In an age where people spend more time on their mobile phones than they do sleeping, careers in the digital sector are on the up. Not only are more traditional jobs (like journalism and marketing) having to adapt to digital form, but new roles are being created that never existed 20 years ago, like SEO Officer. Luckily, I’ve come across a handy guide that has been created by It lists lots of different types of jobs that are available related to the digital industry, gives a little explanation of what each is about and, importantly, lists key skills you would need for each role. For example, if you are interested in SEO…

Mouse and Keyboard

“Search Engine Optimisation (SEO) is the  process of raising a website’s visibility and rankings for key words in the organic search results…competition is intense as brands compete to secure the top positions in the search engine results pages (SERPs). Search engine optimisation is a very complex process which requires a lot of attention and tweaking as Google’s algorithms change and SEOs try to keep up. Thanks to the Panda and Penguin updates, ‘black hat’ techniques like spammy content, directory links and article spinning are now a thing of the past and it’s now harder than ever to rank effectively on search engines. When it comes to SEO jobs, the type of tasks you’ll be asked to perform will vary depending on whether you’re working in-house or for an agency.

CV Essentials:
 Proven experience of performing SEO audits/competitor analysis
 Knowledge of on-site and off-site SEO techniques
 Wider knowledge of the digital marketing industry
 Great analytical skills – knowledge of Google Analytics
 Up to date with the latest algorithm updates
 No “ideal degree”

Or how about being an online copywriter?

“If you’re naturally talented at writing and are looking for a career that will stand the test of time, look no further than copywriting. The process of creating ‘copy’ aka text for websites, online copywriting is actually much more complicated than it sounds. From researching a topic to putting together an article that meets strict criteria and promoting it, online copywriters are the journalists of the digital industry and are responsible for creating engaging copy that either informs the visitor or persuades them to do something – whether that’s apply for a job, buy a product or use a service. In addition to churning out large quantities of high quality content on a near daily basis, copywriters also have to think about things like SEO and keywords when they’re writing to ensure their content helps to support the site’s SEO efforts but doesn’t land them in hot water with the controversial Google algorithm updates!

CV Essentials:
 Strong written communication skills
 Great eye for detail
 Previous copywriting experience (can be own personal blog)
 Passion for writing
 Strong proof-reading skills
 Knowledge of the wider digital marketing industry, particularly SEO”

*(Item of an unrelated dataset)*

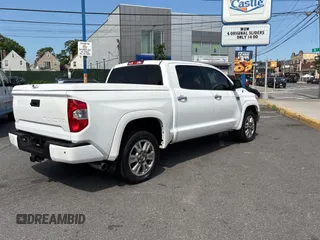 2016 Toyota Tundra Platinum z VIN 5TFGW5F12GX198415, wystawiony jako Copart lot #59492555 z przebiegiem 28 731 mil mil oraz Czysty tytuł • Clean title. Historia ofert i sprzedaży dostępna na DreamBid. Obrazek 4.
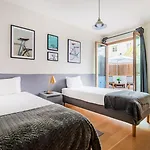 Gelman's Getaway In Apartament *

Other roles include working in Online Marketing, Web Design, App Development, Insight, Customer Relations Management (CRM) and Web Security. And the great thing is that the digital sector is not just for those who have a degree in Computer Science. There are many roles that require skills other than coding, for example.

You can check out the rest of the guide here: “Bubble Jobs: Introduction To The Digital Sector”.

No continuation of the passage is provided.